Insight Focus
Corn fell in Chicago on strong planting and record production. US wheat and European grains closed the week positive. Weather and demand factors support sideways trading with some volatility ahead.
There are no changes to our forecast for Chicago corn for the 2024/25 crop (September/August), expected to average USD 4.55/bushel with some downside risk depending on the trade war. The average price since September 1 is running at USD 4.47/bushel.
The May WASDE report left US corn demand for ethanol unchanged at 5.5 billion bushels for the old crop, but we continue to think this should be more in the 5.65 billion bushel region. 2024/25 ethanol production year to date is up 3.2% year on year, while the WASDE shows only a marginal increase in corn usage for ethanol of just 0.4%.

Source: USDA
We think sooner rather than later this will be reflected in upcoming WASDE reports and will be reflected in the next quarterly stock report, which would take old crop ending stocks below 1.3 billion bushels and the stock-to-use down to 8.2%. The lower old crop stocks would go down to 1.65 billion bushels versus the 1.8 billion bushels recorded in last week’s WASDE.
Corn Falls on Record Planting
Corn fell again in Chicago on strong planting progress and record new crop production as per the May WASDE.

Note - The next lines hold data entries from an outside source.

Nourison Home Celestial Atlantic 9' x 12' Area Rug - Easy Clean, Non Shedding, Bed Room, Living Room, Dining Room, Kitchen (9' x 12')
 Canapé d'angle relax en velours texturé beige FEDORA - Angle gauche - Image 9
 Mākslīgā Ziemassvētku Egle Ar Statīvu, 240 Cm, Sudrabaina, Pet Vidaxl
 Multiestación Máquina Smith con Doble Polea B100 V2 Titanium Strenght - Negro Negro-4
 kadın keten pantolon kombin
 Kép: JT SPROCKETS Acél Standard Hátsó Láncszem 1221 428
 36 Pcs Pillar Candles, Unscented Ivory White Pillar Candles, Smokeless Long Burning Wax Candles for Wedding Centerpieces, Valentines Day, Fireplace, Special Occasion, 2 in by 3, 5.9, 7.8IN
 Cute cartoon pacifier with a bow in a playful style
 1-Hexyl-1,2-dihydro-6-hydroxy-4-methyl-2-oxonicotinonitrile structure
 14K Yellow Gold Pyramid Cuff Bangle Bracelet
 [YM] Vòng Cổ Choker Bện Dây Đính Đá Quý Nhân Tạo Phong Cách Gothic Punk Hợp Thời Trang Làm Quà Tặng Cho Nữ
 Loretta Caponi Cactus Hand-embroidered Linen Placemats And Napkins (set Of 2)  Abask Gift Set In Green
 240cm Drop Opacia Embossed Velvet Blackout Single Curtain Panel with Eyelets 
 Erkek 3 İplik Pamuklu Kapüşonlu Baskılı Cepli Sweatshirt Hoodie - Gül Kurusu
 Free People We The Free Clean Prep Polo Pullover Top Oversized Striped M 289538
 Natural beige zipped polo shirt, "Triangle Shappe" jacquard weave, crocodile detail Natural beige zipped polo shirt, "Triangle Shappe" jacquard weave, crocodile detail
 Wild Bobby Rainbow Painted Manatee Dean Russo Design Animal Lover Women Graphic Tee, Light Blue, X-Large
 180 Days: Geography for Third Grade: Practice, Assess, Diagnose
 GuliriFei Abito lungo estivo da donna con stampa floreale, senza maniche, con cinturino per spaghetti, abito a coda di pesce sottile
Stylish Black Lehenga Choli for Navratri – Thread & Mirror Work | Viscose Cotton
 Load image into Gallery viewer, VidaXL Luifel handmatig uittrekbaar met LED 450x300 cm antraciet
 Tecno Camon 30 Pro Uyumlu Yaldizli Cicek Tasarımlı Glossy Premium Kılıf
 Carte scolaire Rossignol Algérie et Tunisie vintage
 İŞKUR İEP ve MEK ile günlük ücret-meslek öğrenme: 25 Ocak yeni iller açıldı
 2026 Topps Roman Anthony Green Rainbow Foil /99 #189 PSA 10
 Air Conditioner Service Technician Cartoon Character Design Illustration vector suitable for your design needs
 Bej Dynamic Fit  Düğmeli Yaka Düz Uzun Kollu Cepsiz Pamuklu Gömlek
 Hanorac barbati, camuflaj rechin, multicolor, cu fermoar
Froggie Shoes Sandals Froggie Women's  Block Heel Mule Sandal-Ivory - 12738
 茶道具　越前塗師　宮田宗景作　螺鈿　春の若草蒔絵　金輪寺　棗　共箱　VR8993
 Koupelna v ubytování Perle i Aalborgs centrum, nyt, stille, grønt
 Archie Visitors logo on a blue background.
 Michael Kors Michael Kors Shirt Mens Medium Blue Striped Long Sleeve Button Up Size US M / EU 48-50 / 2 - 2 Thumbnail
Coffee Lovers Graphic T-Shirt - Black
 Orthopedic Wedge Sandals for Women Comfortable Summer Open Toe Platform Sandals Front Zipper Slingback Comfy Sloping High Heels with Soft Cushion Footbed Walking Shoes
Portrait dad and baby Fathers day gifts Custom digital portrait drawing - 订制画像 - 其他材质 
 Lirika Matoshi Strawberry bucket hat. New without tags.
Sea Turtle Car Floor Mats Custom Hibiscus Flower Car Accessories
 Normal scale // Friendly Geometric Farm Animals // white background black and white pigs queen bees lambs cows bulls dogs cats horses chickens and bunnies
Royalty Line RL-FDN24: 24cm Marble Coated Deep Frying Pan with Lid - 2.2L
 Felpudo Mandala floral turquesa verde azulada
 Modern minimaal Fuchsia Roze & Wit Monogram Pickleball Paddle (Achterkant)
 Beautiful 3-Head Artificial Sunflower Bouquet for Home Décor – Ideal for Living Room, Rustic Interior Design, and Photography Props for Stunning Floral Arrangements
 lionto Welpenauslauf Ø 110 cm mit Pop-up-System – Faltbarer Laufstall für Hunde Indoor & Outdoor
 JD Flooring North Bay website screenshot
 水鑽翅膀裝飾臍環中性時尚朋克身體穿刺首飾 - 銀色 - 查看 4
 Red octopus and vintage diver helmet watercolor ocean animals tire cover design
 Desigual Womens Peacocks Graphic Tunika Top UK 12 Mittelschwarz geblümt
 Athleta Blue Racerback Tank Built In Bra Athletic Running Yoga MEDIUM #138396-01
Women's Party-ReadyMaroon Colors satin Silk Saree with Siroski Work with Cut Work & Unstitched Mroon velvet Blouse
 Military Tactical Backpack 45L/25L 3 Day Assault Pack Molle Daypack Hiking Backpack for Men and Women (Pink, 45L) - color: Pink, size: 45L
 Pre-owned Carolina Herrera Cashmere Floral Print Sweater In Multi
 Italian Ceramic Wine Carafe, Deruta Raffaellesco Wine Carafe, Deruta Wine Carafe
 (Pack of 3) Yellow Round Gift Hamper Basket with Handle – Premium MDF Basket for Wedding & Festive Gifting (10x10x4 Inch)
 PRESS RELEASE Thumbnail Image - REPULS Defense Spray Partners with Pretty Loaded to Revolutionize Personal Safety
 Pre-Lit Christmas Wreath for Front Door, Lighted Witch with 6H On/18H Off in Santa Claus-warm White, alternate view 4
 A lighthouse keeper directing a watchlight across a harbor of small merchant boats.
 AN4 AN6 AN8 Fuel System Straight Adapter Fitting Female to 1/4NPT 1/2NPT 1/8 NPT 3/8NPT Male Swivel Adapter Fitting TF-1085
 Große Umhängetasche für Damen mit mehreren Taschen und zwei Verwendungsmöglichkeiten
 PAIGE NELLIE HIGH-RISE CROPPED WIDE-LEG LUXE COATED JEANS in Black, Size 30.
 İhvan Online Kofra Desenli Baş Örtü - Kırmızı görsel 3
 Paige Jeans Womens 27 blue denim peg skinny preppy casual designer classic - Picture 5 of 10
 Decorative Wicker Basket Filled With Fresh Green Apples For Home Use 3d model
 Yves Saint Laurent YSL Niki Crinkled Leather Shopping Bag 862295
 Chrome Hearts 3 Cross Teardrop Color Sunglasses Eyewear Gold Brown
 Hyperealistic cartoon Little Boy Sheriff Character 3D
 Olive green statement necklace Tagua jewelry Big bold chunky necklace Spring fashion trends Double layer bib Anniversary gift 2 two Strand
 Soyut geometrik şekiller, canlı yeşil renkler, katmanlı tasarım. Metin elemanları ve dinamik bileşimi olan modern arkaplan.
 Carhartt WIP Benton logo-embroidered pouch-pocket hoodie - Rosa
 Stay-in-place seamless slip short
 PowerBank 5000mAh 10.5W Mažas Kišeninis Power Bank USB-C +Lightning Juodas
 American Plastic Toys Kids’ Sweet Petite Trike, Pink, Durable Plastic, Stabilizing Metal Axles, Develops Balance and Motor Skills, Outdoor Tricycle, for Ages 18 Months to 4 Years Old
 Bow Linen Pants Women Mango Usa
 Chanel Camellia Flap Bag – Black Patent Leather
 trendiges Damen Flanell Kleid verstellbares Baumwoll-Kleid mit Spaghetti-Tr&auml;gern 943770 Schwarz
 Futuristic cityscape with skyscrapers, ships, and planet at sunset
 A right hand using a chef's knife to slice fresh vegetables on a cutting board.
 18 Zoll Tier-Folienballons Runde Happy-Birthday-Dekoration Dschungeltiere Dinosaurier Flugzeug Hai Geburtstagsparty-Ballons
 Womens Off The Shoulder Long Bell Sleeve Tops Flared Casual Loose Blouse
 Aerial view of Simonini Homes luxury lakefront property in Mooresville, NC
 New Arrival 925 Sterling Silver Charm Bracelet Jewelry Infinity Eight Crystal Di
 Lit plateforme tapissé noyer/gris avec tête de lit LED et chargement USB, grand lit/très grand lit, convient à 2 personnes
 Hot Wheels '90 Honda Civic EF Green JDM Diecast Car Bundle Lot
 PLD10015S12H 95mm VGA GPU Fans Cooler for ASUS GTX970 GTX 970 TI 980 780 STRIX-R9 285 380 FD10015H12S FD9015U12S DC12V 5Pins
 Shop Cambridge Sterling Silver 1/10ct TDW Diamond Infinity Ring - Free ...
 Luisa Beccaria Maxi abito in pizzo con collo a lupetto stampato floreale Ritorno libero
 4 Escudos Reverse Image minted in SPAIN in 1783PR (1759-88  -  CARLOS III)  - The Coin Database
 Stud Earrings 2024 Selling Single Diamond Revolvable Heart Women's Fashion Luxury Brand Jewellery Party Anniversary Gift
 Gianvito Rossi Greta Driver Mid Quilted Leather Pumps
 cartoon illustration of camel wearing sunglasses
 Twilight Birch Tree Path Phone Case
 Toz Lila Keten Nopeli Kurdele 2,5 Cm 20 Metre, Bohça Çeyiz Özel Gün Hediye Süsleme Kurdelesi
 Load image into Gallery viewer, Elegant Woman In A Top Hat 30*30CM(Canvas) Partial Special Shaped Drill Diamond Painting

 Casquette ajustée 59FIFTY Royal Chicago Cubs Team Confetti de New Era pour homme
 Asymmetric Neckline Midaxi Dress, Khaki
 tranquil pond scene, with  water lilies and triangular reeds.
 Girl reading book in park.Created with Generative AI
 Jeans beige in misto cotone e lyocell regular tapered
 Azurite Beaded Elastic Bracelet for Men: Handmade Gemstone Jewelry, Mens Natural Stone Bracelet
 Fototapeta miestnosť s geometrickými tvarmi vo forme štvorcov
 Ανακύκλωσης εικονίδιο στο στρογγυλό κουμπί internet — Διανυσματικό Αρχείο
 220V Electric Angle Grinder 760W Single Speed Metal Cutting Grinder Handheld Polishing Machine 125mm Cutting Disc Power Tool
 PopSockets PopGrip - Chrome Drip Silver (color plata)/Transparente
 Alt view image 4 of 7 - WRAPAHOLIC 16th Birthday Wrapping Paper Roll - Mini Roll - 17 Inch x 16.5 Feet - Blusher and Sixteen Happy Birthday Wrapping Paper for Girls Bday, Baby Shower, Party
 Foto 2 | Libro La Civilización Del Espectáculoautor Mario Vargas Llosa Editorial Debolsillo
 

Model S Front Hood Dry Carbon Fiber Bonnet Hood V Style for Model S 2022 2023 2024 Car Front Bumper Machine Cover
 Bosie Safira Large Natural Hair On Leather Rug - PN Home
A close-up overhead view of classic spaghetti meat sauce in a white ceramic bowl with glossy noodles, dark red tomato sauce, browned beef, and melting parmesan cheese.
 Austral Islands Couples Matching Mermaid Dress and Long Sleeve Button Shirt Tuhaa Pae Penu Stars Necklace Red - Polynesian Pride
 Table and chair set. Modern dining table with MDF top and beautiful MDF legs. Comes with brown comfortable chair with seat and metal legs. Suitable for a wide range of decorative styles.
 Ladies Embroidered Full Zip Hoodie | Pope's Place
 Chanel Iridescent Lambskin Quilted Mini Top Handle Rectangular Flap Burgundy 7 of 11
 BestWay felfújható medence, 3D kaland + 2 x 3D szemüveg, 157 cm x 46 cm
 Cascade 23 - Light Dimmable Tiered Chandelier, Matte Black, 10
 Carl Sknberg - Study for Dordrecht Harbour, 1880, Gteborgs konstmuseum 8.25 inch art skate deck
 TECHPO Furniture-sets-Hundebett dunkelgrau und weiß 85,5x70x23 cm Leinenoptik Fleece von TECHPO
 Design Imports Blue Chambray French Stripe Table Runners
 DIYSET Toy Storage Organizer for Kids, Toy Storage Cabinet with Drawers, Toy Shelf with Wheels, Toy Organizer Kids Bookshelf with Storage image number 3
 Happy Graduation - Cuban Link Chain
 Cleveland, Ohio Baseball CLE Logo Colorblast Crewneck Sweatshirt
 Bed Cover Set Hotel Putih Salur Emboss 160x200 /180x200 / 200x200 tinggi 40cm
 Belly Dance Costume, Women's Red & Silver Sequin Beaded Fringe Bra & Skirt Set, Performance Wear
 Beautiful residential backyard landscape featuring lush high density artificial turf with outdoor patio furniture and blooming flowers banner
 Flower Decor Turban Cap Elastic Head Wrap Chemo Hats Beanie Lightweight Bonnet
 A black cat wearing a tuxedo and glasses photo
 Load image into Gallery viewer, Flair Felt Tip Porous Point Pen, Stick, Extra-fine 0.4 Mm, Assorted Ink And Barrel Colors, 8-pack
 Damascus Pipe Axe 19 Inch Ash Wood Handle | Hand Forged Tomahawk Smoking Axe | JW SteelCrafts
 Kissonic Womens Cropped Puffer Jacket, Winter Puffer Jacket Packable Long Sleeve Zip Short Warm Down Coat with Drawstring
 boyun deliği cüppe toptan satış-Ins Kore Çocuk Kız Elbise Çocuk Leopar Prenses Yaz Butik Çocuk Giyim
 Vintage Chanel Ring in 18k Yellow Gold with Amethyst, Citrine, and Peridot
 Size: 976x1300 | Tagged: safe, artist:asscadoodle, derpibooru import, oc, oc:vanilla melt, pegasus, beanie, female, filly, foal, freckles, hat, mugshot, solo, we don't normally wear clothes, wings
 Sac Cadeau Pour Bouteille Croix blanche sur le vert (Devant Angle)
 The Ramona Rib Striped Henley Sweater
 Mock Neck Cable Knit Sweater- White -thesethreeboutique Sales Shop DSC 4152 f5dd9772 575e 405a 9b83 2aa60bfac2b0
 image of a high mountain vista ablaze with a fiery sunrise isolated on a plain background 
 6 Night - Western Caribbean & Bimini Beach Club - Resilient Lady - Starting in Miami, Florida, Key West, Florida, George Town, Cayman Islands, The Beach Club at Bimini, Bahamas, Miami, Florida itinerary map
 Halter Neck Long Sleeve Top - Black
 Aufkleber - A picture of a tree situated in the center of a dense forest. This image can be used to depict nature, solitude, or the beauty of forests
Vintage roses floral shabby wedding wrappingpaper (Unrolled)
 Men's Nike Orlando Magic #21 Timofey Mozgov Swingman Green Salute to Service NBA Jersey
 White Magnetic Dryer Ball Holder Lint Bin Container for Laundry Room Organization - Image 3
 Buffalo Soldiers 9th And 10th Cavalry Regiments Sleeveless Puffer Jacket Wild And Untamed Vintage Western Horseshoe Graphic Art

The start of last week was dominated by the publication of the May WASDE last Monday and a huge increase in corn planting, surpassing by far last year’s pace and the five-year average.
The May WASDE reduced US corn old crop stocks by 50 million bushels, all coming from higher exports, leaving the stock-to-use ratio at 9.3% versus 9.6% before.
The USDA published its first estimate for 2025/26 using the number of acres from the prospective planting report released in March and a trend yield of 181 bushels per acre. This results in production of 15.82 billion bushels, up from 14.87 billion bushels for the old crop. Demand is forecast at 12.79 billion bushels versus 12.6 billion bushels for the old crop, with exports at 2.68 billion bushels versus 2.6 billion bushels last crop.
This all results in ending stocks of 1.8 billion bushels, significantly up from 1.4 billion for the old crop. Stock-to-use also rises to 11.6% versus 9.3% for the old crop.
Global ending stocks for the new 2025/26 world crop were projected at 277.8 million tonnes, down from the 287.3 million tonnes of ending stocks projected in 2024/25. World production was projected at 1.26 billion tonnes, up from 1.22 billion tonnes in 2024/25.

Source: USDA
US corn is 62% planted versus 47% last year and the five-year average of 56%. In Argentina, corn harvesting is 37.2% complete, with 80% of the area in normal to good condition, unchanged week on week.
Both BAGE and BCR left their production estimates unchanged at 49 million tonnes and 48 million tonnes, respectively. In Brazil, Conab increased its production estimate to 126.87 million tonnes, up by 2 million tonnes and compared with USDA estimates of 130 million tonnes. Summer corn harvesting is 77.6% complete.
French corn planting reached 90%, compared with 70% last year and the five-year average of 87%. Corn planting in Ukraine is 87% complete. Corn planting in Russia is 66.2% complete.
Wheat Stocks Rise Despite Demand
US wheat and European grains closed the week positive.

The May WASDE reduced old crop US wheat stocks by 5 million bushels, all coming from higher demand for food. The first estimate for the new 2025/26 crop showed a yearly stock build of 82 million bushels, a combination of 80 million bushels of lower supply coming from lower production and fewer imports, and 18 million bushels of lower demand, almost entirely from fewer exports.
Global ending stocks for the 2025/26 crop were projected at 265.7 million tonnes, marginally higher than the 265.2 million tonnes of 2024/25 ending stocks.

Source: USDA
French wheat condition was 73% good or excellent, down 1 point week on week and compared with 64% last year.
US wheat condition was 54% good or excellent, up 4 points in the week and compared with 50% last year. Spring wheat planting is 66% complete versus 59% last year and the five-year average of 49%.
US Rains Could Slow Corn Planting
The US is expected to experience ample rains for a third week in a row. Brazil’s centre-south is expected to remain dry, which is normal for this time of year, while Argentina is expected to receive ample rains. Northwest Europe is expected to remain warm and dry, similar to the Black Sea regions, which will also see some showers.
We could see a slowdown in US corn planting this week as ample rains may have impacted planting pace, but we are so far ahead of last year and the five-year average that there is enough buffer for a couple of slower weeks without impacting prices.
With last week’s WASDE and a full week for the market to price in the record corn production of the new crop, all the bearishness should have been priced in. Good weather and planting progress in the US should keep any upside capped. Dry weather in Europe impacting corn yields and higher US demand for ethanol usage — not yet reflected in the WASDE — are supportive elements for the coming months. Expect some sideways trading with some volatility coming from weather.